Nel Consiglio comunale di Genova è approdato il dibattito sulle politiche di contrasto alle dipendenze e sulla riduzione del danno, dopo la presentazione di un ordine del giorno da parte di Nicholas Gandolfo (Fratelli d’Italia). Il documento, che prendeva posizione contro l’iniziativa del Comune di Bologna di acquistare 300 pipe per il consumo di crack da distribuire alle persone con dipendenze, mirava a impegnare il Sindaco e la Giunta a non adottare o sostenere politiche simili e a potenziare invece i programmi di prevenzione e recupero.

Secondo Gandolfo, la misura bolognese “solleva preoccupazioni per la salute pubblica e la sicurezza” e “rischia di normalizzare l’uso di droghe, inviando un messaggio sbagliato ai giovani”. L’esponente di Fratelli d’Italia ha quindi invitato il Comune a “condannare iniziative di questo tipo” e a “concentrare gli sforzi su percorsi educativi e di reinserimento”.
Lodi: “Tema complesso, servono serietà e competenza”
A nome della Giunta è intervenuta l’assessora al Sociale Cristina Lodi, che ha espresso parere contrario all’ordine del giorno, ribadendo la necessità di affrontare il tema in modo pragmatico. “Quando si parla di riduzione del danno si parla di un Livello Essenziale di Assistenza riconosciuto dal Ministero e finanziato con fondi pubblici. Ma a Genova, negli ultimi otto anni, non è stato fatto nulla. È tutto da ricostruire”.
Lodi ha spiegato che la nuova amministrazione ha già avviato un percorso di collaborazione con ASL, SERD, Salute Mentale e le comunità del territorio per ricostruire una rete di servizi sociosanitari oggi quasi assente. “Non possiamo limitarci a discutere di ‘pipe sì, pipe no’ — ha aggiunto —. Dobbiamo ragionare sull’organizzazione dei servizi, sulla presa in carico, sull’integrazione tra enti pubblici e terzo settore”.
“Nessuno deve essere lasciato solo”
L’assessora ha sottolineato anche il doppio impegno dell’amministrazione: garantire sicurezza ai cittadini e al tempo stesso supporto a chi vive situazioni di dipendenza. “Non vogliamo lasciare soli i cittadini che hanno paura, ma nemmeno quelli abbandonati all’uso di droghe. In otto anni non se n’è occupato nessuno, ora dobbiamo farlo con serietà, senza slogan”.

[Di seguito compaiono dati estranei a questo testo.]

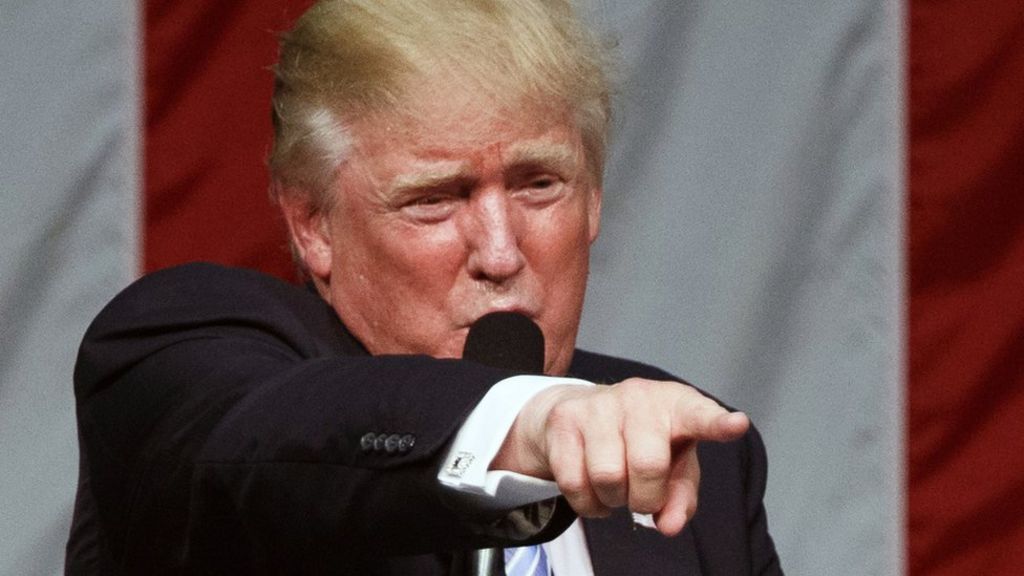 Trump election: Wisconsin prepares for vote recount - BBC News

Lodi ha annunciato la prossima apertura di una serie di commissioni consiliari sul tema, per ascoltare esperti e operatori del settore: “Solo chi ha competenze può aiutarci a costruire un sistema efficace”.
L’esito del voto
Al termine della discussione, l’aula ha bocciato l’ordine del giorno con 23 voti contrari (la maggioranza) e 16 favorevoli (l’opposizione).
La linea della Giunta è chiara: affrontare le dipendenze come un problema sanitario e sociale, non come una questione ideologica o di ordine pubblico. “Ricostruire tutto da capo” è la sfida indicata dall’assessora Lodi, che ha promesso di riportare il tema al centro dell’agenda cittadina.
Che cos’è la riduzione del danno: la riduzione del danno è un approccio sanitario e sociale che mira a limitare gli effetti negativi dell’uso di droghe — per le persone e per la collettività — senza imporre l’astinenza come condizione per ricevere aiuto.
Si basa su principi di diritti umani, giustizia sociale e salute pubblica, promuovendo il cambiamento positivo attraverso il sostegno, l’ascolto e l’accesso ai servizi.